Despite being jubilant, I was a little disappointed. Part of me wanted to go to trial so I could employ the advice from Kathy: “speak a little louder than you normally do, be sassy, and remind the court you have a right to free speech and the right to assembly both of which you were doing in an orderly fashion.” I live by the theory that everyone is entitled to my opinion and I was willing to give everyone in that courtroom my opinion loudly and sassisly. Alas, that was not my fate.
I have the opportunity to have my arrest expunged now that the case has been dismissed but I don’t think I will. This is my first arrest and something I’m proud off. I’m thinking of making a badge for my old Girl Scout sash, one with #noNATO on it and some handcuffs.
The day just didn’t end there though. My good fortune continued as Mr. Frank chose to drive me to the airport so I didn’t have to take the subway (though I love taking the subway). It gave us a chance to talk and get to know each other a bit. I invited him to NH. He gave me a hug as I was leaving and thanked me for being an occupier and for agitating for change.
At Midway Airport, I got myself an earlier flight home. The wicked nice security guard at the airport received my CTA pass because it still had money on it and I didn’t want to waste it. I sailed though the TSA this time, who didn’t make me pour out the water in my water bottle and let me keep an orange I had in my bag.
I got on the plane, got home, and had an impromptu celebration at Margarita’s in Manchester. A bunch of my fellow ONHers came when I called and texted and we hung out for a while. It was another fantastic day and night.
I am so grateful to everyone who has supported me: my husband, mother, brother, the NLG, Jeff Frank, Kathy Kelly, Brian Terrell, Joshua Broiller, Will Hopkins, and, of course, OccupyNH. To all those I don’t know who tweeted and Facebooked* support to me let me say thank you from the bottom of my heart. I could not, nor would not, have done this without you. Your support is valuable and I really, really appreciate it.
*When did “facebook” become a verb?
Here is a copy of the note I wrote to my arresting officer.
Dear Officer ____,
The tension was heavy in the air, our emotions all ran high on May 20, 2012 at the #noNATO rally in Chicago. Protesters tried to remain calm, officers tried to control their fear. It was that day you arrested me.
It was the first time I’ve been arrested despite being on the front lines of progressive activism for 25 years. I was very nervous to say the least. Over the years I’d heard and read in the paper stories of how badly protesters are treated by police and feared I would be treated the same. And I was. A male officer put me in a control hold bending my right wrist to control me through pain despite my compliance with him.
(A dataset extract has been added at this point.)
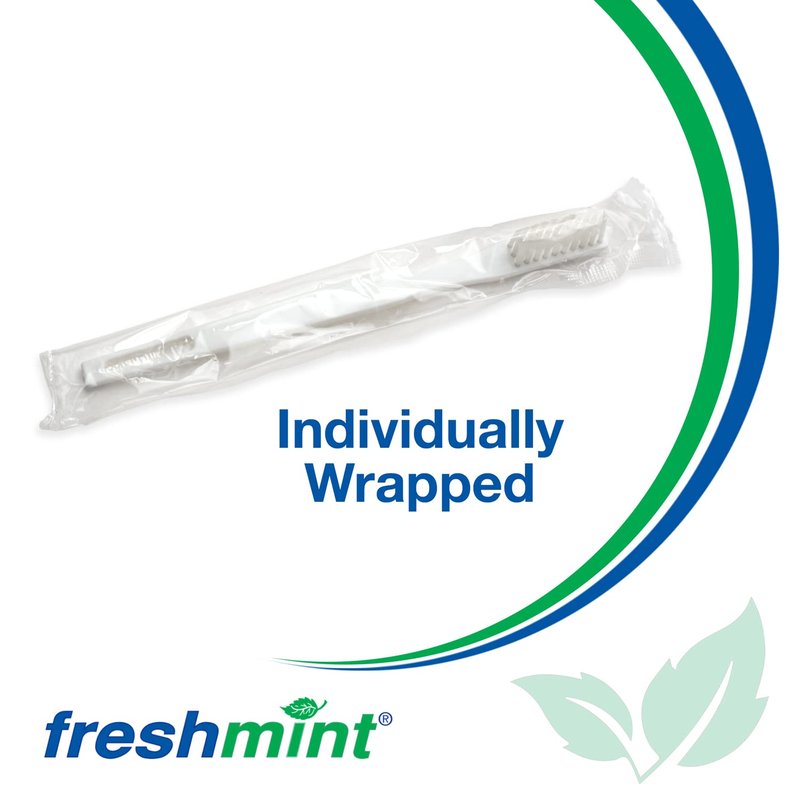 FRESHMINT Individually Wrapped Bulk 30 Tuft Adult Toothbrush (144 Pack) with Soft Nylon Bristles, Perfect for Travel, Hotel, Donation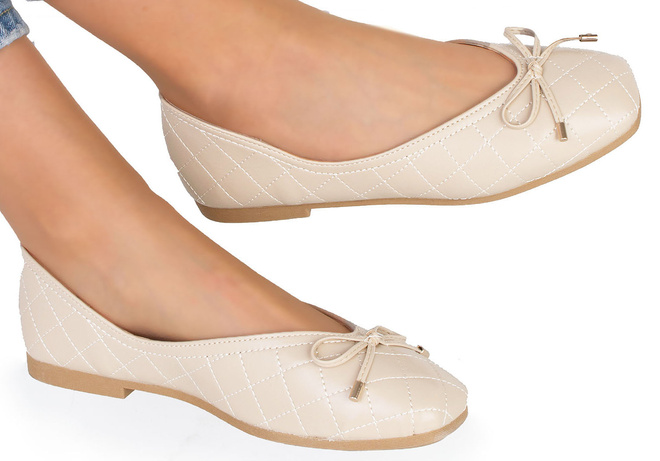 BEŻOWE WYGODNE DAMSKIE BALERINKI KLASYCZNE ARISANA 2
He handed me over to you. You leaned in and quietly asked me “why didn’t you disperse when you were told to”? I wanted to respond but I know anything I say can and will be used against me so I remained silent. What I wanted to say was “I was trying but there was no where for me to go. I was kettled by the police.”
While I was in your custody you treated me with dignity and respect. You were gentle and kind to me. And I want to thank you from the bottom of my heart. You restored some of the faith I’ve lost in the police with your warmth.
I was hoping to
- thank you
in person at my hearing on July 6th – I came back from NH despite the financial quagmire I am in due to chronic unemployment and overbearing student loans – but you were not there. I wanted to hug you for your kindness. Since I cannot do that, I write this note to you in thanks.